A cutting oil agent used for cooling, lubrication or chip removal is deposited and remains on the workpieces cut by the “cutting step”. The amount of the remaining oil agent deposited varies widely and is not suitable for the “caulking step” which is the post-step. In the “caulking step”, it is necessary to provide an adequate amount and kind of oil agent suitable for lubrication to reduce friction with a caulking tool and cooling of the friction portion.

Therefore, as shown in FIG. 2, the workpieces cut by the “cutting step” which is the pre-step go through an “oil agent removal step”, a “water washing step”, an “oil agent deposition step” and a “drying step” successively in place of the “oil agent step” before the “caulking step” to deposit an oil agent suitable for the “caulking step” which is the post-step.

A large number of workpieces cut thus are put in a wire mesh cage. The wire mesh cage in which the workpieces are put is moved in a degreasing solution in a processing tank while sunk into the degreasing solution in the “oil agent removal step”. The respective workpieces in the wire mesh cage are immersed in the degreasing solution. The cutting oil agent deposited on each workpiece is released.

The degreasing solution is a mixture of sodium hydroxide, sodium orthosilicate and a surface active agent in warm water. The temperature is from 50° C. to 60° C. The mixture ratio is as follows: 10 to 50 g/l of sodium hydroxide, 30 to 50 g/l of sodium orthosilicate, and 0.1 to 20 g/l of surface active agent. The time required for immersing the respective workpieces in the degreasing solution is from 10 minutes to 15 minutes.

After taken out of the degreasing solution in the processing tank, the wire mesh cage containing the workpieces is moved in water in a processing tank while sunk in the water in the “water washing step”. Or the wire mesh cage suffers water jetted from a nozzle. The respective workpieces in the wire mesh cage are washed with flowing water. The degreasing solution containing the cutting oil agent deposited on each workpiece is washed off.

The workpieces go through the “oil agent removal step” and the “water washing step” successively, so that all the cutting oil agent deposited on surfaces of the workpieces is removed.
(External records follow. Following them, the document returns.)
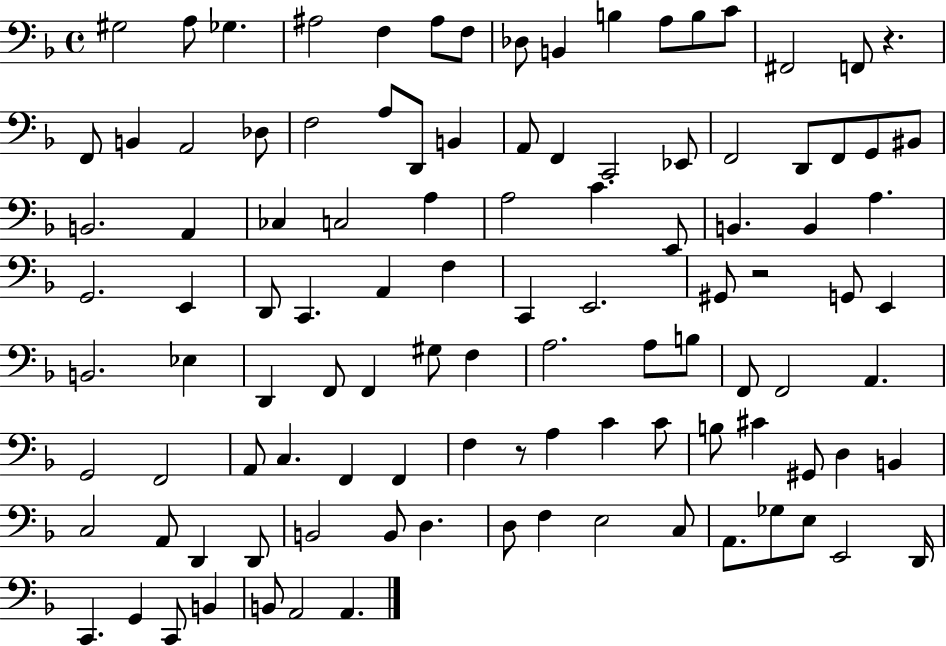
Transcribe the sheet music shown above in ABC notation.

X:1
T:Untitled
M:4/4
L:1/4
K:F
^G,2 A,/2 _G, ^A,2 F, ^A,/2 F,/2 _D,/2 B,, B, A,/2 B,/2 C/2 ^F,,2 F,,/2 z F,,/2 B,, A,,2 _D,/2 F,2 A,/2 D,,/2 B,, A,,/2 F,, C,,2 _E,,/2 F,,2 D,,/2 F,,/2 G,,/2 ^B,,/2 B,,2 A,, _C, C,2 A, A,2 C E,,/2 B,, B,, A, G,,2 E,, D,,/2 C,, A,, F, C,, E,,2 ^G,,/2 z2 G,,/2 E,, B,,2 _E, D,, F,,/2 F,, ^G,/2 F, A,2 A,/2 B,/2 F,,/2 F,,2 A,, G,,2 F,,2 A,,/2 C, F,, F,, F, z/2 A, C C/2 B,/2 ^C ^G,,/2 D, B,, C,2 A,,/2 D,, D,,/2 B,,2 B,,/2 D, D,/2 F, E,2 C,/2 A,,/2 _G,/2 E,/2 E,,2 D,,/4 C,, G,, C,,/2 B,, B,,/2 A,,2 A,,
The amount of the cutting oil agent remaining on the workpieces degreased and washed with water in this example was measured. The measuring device is the “oil count meter POC-100” made by Shimadzu Corporation. As a result of the measurement, the amount of the remaining oil agent is not larger than 0.2 mg per one workpiece having mass of from 40 g to 50 g. The amount of the remaining oil agent is substantially zero. All the cutting oil agent deposited and remaining on the workpieces in the “cutting step” is substantially removed by degreasing and water washing in the “oil agent removal step” and the “water washing step”. Incidentally, the amount of the oil agent remaining on the workpieces degreased and washed with water is allowed if the amount is not a barrier to steps after that.
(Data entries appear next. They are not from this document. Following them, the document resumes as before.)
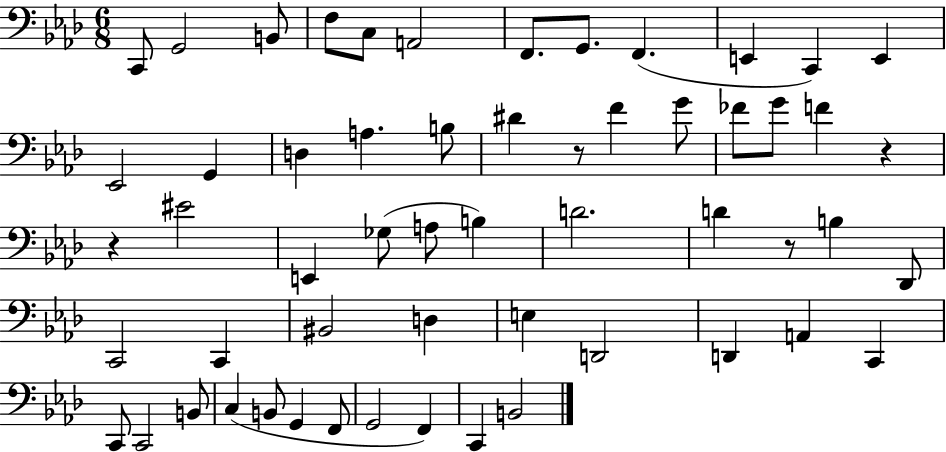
X:1
T:Untitled
M:6/8
L:1/4
K:Ab
C,,/2 G,,2 B,,/2 F,/2 C,/2 A,,2 F,,/2 G,,/2 F,, E,, C,, E,, _E,,2 G,, D, A, B,/2 ^D z/2 F G/2 _F/2 G/2 F z z ^E2 E,, _G,/2 A,/2 B, D2 D z/2 B, _D,,/2 C,,2 C,, ^B,,2 D, E, D,,2 D,, A,, C,, C,,/2 C,,2 B,,/2 C, B,,/2 G,, F,,/2 G,,2 F,, C,, B,,2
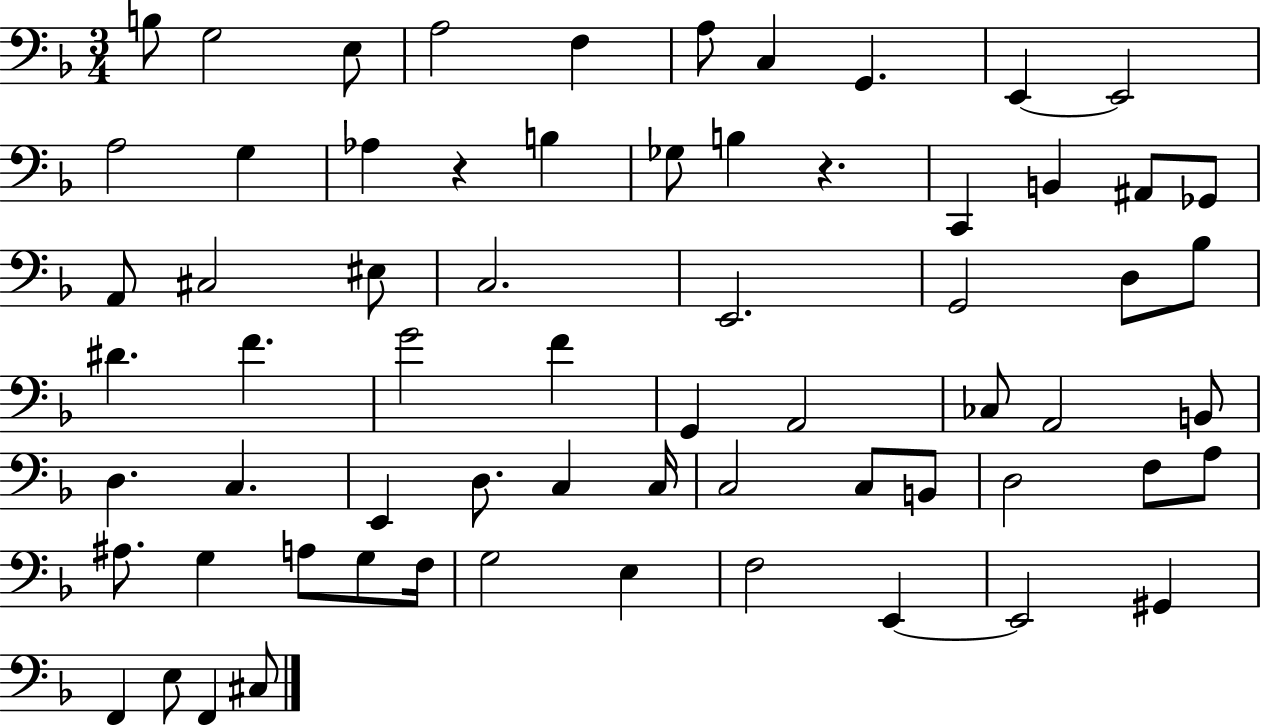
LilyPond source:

{
  \clef bass
  \numericTimeSignature
  \time 3/4
  \key f \major
  b8 g2 e8 | a2 f4 | a8 c4 g,4. | e,4~~ e,2 | \break a2 g4 | aes4 r4 b4 | ges8 b4 r4. | c,4 b,4 ais,8 ges,8 | \break a,8 cis2 eis8 | c2. | e,2. | g,2 d8 bes8 | \break dis'4. f'4. | g'2 f'4 | g,4 a,2 | ces8 a,2 b,8 | \break d4. c4. | e,4 d8. c4 c16 | c2 c8 b,8 | d2 f8 a8 | \break ais8. g4 a8 g8 f16 | g2 e4 | f2 e,4~~ | e,2 gis,4 | \break f,4 e8 f,4 cis8 | \bar "|."
}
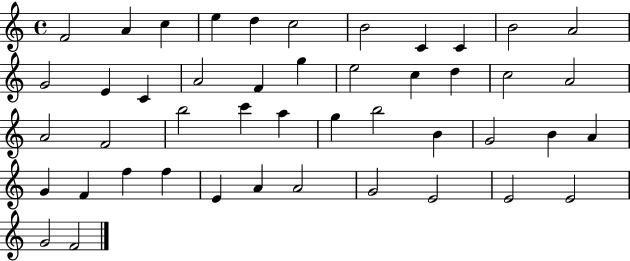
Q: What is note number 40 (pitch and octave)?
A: A4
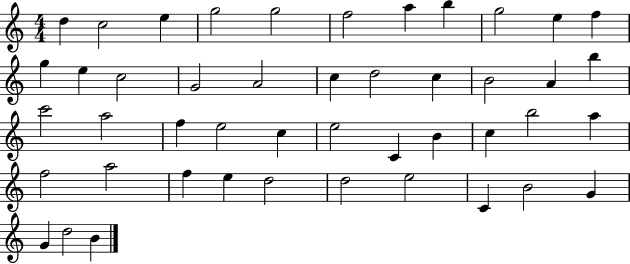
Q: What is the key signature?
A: C major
After going through the “water washing step”, the wire mesh cage containing the workpieces reaches the “oil agent deposition step” without interposition of the drying step. In the “oil agent deposition step”, the wire mesh cage containing the workpieces is moved in an oil agent solution in a processing tank while sunk in the oil agent solution. The respective workpieces in the wire mesh cage are immersed in the oil agent solution. The oil agent solution is deposited on the workpieces from which the cutting oil agent has been already removed.

The oil agent solution is prepared in such a manner that a water-soluble oil agent and an activator for dispersing the water-soluble oil agent are dissolved in water. The kind of the water-soluble oil agent to be contained in the oil agent solution is selected to be suitable for the “caulking step” which is the post-step. The kind of the activator to be contained in the oil agent solution is selected in accordance with the kind of the water-soluble oil agent to be contained in the oil agent solution. The concentrations of the water-soluble oil agent and the activator in the oil agent solution are adjusted in accordance with the amount of the oil agent suitable for the “caulking step” which is the post-step.

The oil agent solution is prepared in such a manner that the water-soluble oil agent and the activator are mixed and dissolved in warm water. The temperature is from 50° C. to 60° C. The water-soluble oil agent is provided as an aqueous solution containing about 30% of alkylamine oxide. The mixture ratio of the water-soluble oil agent is from 50 ml/l to 60 ml/l. The activator is a nonionic surface active agent. The mixture ratio of the activator is from 13 ml/l to 20 ml/l. The time required for immersing the workpieces in the oil agent solution is from a half minute to one minute.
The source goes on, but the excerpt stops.